* _Required work_: Will you output all of the data below exactly, omitting the images?

* _Raw data_:
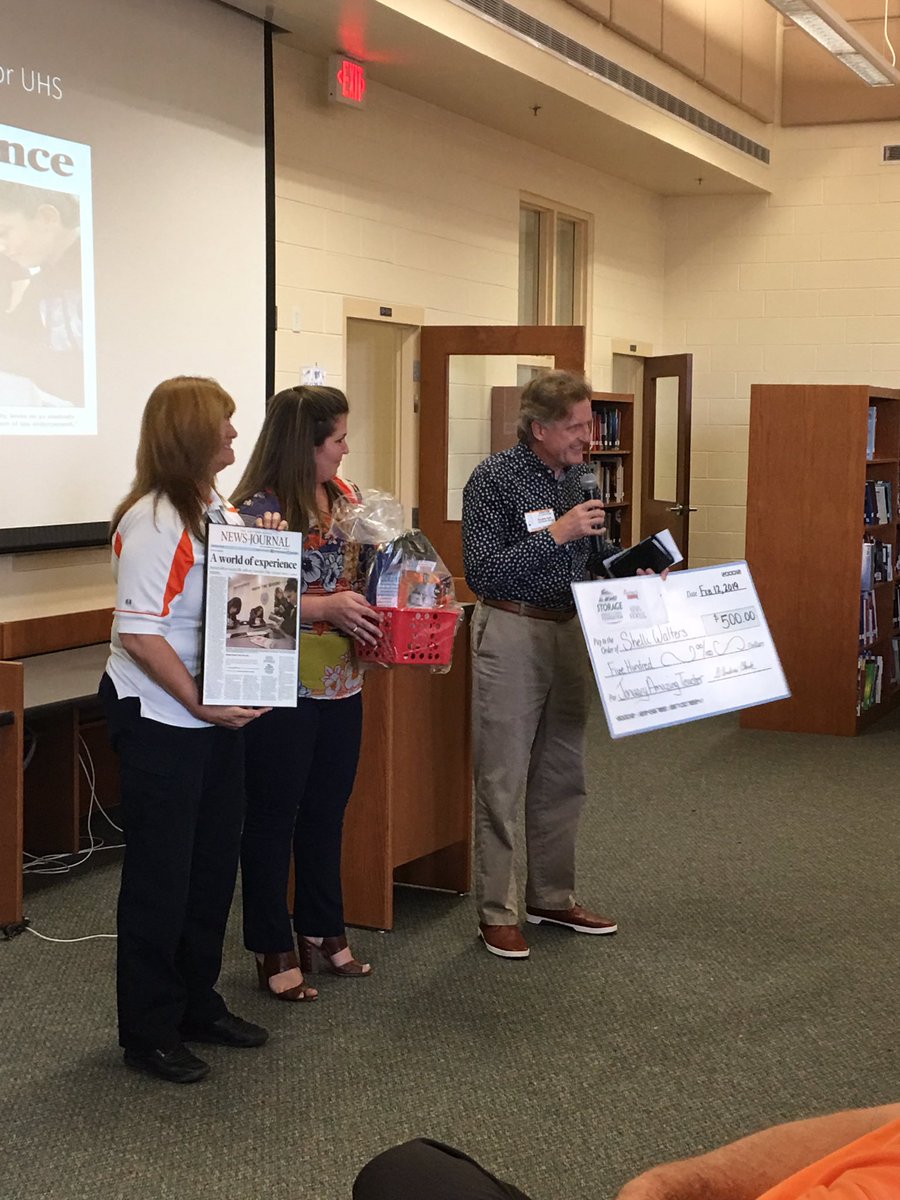 UHSTitans411's tweet photo. Continuing with the special recognitions Officer Walters was recognized by the #DBNJ for her hard work and dedication to our students. Thank you @dbnewsjournal and All Aboard Storage. #uhstitans #greatteachers https://t.co/sOwPb1TKxP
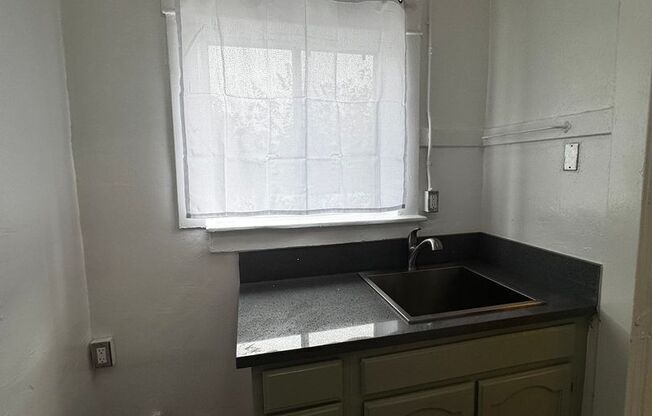 Studio, 1 bath, $1,395, Unit #305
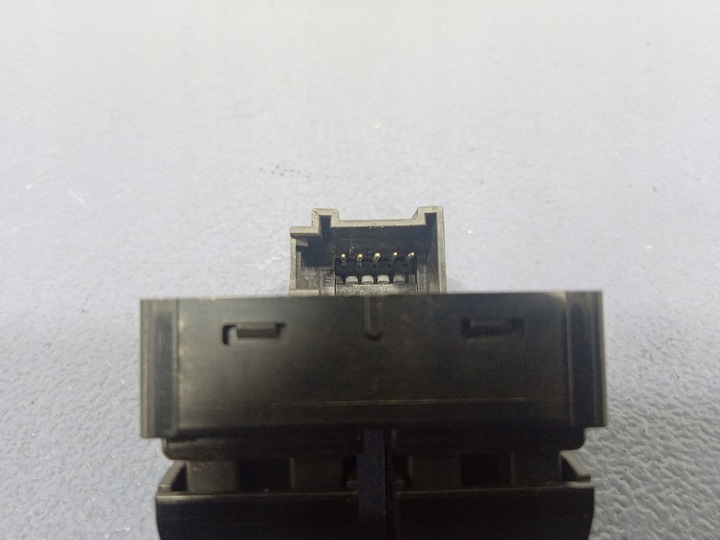 фото №7, Audi q8 rsq8 4m8 перемикач скло зад задній 8w0959851f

* _Answer for this exercise_:
 UHSTitans411's tweet photo. Continuing with the special recognitions Officer Walters was recognized by the #DBNJ for her hard work and dedication to our students. Thank you @dbnewsjournal and All Aboard Storage. #uhstitans #greatteachers https://t.co/sOwPb1TKxP
 Studio, 1 bath, $1,395, Unit #305
 фото №7, Audi q8 rsq8 4m8 перемикач скло зад задній 8w0959851f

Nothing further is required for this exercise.